Error converting data type DBTYPE_DBTIMESTAMP to datetime.

with my sql something like this

select DUE_DATE_END_OPER from openquery 
(MARS_PGS, 'select DUE_DATE_END_OPER from PG8_PROD_0_REPORT.F_HVE_APO_ROUTE')

could somebody help me explain?or any solution? as i am not good in sql..
thank you

----------


## rmiao

Tried this?

select convert(datetime, DUE_DATE_END_OPER) from openquery 
(MARS_PGS, 'select DUE_DATE_END_OPER from PG8_PROD_0_REPORT.F_HVE_APO_ROUTE')

----------


## anam

Hi -

I had similar issue a while back, and Mak was able to assist me.

Please see below thread:

http://forums.databasejournal.com/sh...ad.php?t=34278

Good luck.
LS

----------


## jason_limwk

thanks guy.... but i got the ans for it already....


to rmiao....
ur coding seems still got error  on it..~
hen i put it and analyst it,.. error coming ...
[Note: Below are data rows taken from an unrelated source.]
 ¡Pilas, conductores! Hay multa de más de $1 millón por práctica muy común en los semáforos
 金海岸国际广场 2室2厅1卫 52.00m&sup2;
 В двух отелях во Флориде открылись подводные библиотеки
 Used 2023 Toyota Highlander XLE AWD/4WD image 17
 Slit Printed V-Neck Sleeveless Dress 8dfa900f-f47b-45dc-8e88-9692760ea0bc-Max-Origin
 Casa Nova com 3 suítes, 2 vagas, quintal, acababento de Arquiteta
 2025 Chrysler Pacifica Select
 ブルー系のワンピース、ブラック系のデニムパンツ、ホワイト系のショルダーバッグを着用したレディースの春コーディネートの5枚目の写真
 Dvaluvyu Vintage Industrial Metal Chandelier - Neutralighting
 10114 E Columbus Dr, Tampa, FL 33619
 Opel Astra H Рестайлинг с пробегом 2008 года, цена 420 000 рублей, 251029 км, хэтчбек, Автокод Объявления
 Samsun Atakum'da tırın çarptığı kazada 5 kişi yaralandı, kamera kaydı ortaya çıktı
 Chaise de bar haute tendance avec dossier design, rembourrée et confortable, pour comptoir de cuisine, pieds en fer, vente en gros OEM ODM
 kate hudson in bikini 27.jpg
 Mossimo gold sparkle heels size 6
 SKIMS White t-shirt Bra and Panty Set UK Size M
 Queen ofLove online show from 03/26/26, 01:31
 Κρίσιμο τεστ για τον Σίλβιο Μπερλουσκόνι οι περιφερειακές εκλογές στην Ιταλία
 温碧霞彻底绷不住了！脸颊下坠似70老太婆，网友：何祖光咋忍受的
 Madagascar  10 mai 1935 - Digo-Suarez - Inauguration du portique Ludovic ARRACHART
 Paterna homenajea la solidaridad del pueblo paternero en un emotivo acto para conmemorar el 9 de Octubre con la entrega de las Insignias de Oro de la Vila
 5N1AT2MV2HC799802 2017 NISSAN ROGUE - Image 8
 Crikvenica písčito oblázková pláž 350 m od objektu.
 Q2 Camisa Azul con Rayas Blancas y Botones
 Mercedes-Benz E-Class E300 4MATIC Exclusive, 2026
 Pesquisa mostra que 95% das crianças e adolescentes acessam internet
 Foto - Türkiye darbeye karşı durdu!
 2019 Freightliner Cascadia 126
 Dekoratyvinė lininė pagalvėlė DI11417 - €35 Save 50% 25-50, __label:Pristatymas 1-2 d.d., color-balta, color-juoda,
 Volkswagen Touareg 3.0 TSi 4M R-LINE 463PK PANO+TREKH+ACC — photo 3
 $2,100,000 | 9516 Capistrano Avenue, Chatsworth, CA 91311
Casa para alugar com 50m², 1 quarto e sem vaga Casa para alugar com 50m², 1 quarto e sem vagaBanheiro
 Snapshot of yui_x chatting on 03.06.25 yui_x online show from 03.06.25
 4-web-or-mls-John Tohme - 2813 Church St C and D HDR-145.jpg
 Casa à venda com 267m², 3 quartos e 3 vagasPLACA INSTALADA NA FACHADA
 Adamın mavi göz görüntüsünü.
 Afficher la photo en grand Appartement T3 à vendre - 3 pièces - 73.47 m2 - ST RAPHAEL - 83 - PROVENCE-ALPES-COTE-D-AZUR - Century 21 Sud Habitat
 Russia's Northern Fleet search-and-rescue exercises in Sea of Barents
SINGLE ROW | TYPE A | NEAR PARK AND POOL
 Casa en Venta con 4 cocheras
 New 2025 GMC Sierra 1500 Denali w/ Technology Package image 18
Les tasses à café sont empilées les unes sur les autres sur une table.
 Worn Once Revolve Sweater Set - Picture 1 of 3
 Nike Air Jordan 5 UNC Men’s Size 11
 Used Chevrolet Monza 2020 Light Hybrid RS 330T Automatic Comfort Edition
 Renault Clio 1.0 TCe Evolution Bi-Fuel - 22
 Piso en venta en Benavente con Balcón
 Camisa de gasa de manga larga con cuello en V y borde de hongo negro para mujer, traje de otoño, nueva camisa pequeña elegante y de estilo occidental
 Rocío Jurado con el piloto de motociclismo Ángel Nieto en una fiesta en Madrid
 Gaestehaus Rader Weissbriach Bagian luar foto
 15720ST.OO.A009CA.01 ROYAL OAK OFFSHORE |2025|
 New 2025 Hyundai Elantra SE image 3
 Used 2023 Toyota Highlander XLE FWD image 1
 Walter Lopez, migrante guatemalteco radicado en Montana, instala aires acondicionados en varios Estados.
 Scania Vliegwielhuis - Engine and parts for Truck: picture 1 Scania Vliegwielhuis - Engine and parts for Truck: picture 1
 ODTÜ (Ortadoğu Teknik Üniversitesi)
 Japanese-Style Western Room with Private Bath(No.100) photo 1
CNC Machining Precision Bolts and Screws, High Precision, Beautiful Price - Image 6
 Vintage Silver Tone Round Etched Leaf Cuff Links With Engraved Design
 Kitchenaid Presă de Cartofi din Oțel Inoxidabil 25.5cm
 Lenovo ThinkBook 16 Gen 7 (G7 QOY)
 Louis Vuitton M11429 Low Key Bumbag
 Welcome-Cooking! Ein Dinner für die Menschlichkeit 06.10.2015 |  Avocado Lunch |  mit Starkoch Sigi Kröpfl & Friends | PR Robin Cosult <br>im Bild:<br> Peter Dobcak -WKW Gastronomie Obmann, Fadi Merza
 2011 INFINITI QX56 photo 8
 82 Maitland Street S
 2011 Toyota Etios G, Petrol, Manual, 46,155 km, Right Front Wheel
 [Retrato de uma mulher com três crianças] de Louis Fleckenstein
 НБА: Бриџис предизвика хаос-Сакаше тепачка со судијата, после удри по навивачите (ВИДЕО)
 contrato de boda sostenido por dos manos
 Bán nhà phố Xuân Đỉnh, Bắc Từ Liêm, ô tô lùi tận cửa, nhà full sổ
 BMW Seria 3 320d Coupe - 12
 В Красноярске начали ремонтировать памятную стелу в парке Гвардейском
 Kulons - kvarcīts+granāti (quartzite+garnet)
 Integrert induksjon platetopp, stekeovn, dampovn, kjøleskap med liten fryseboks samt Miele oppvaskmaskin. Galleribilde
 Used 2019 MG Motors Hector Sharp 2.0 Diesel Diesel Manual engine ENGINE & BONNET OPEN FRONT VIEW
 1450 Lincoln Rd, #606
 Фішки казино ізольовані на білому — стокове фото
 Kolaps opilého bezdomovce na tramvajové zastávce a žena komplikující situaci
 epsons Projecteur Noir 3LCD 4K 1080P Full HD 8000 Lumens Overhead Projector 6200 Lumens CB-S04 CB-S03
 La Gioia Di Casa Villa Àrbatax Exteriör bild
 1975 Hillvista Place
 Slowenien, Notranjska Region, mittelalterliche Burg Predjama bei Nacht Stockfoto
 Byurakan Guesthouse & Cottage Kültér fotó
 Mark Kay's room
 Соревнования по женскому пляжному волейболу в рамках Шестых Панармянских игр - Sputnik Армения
Server: Msg 8114, Level 16, State 8, Line 1
Error converting data type DBTYPE_DBTIMESTAMP to datetime.


to anam...
thanks for the link/... butsince i got the ans...~ so i din go there  but for sure i will go there to have a look on it.. thanks..


oo btw.. the coding that manage t o run should be...


select * 
from openquery(MARS_PGS, 'select TO_CHAR(DUE_DATE_END_OPER)  FormattedDate from PG8_PROD_0_REPORT.F_HVE_APO_ROUTE') derived 
where isdate(FormattedDate)=0  




thanks guy..~

----------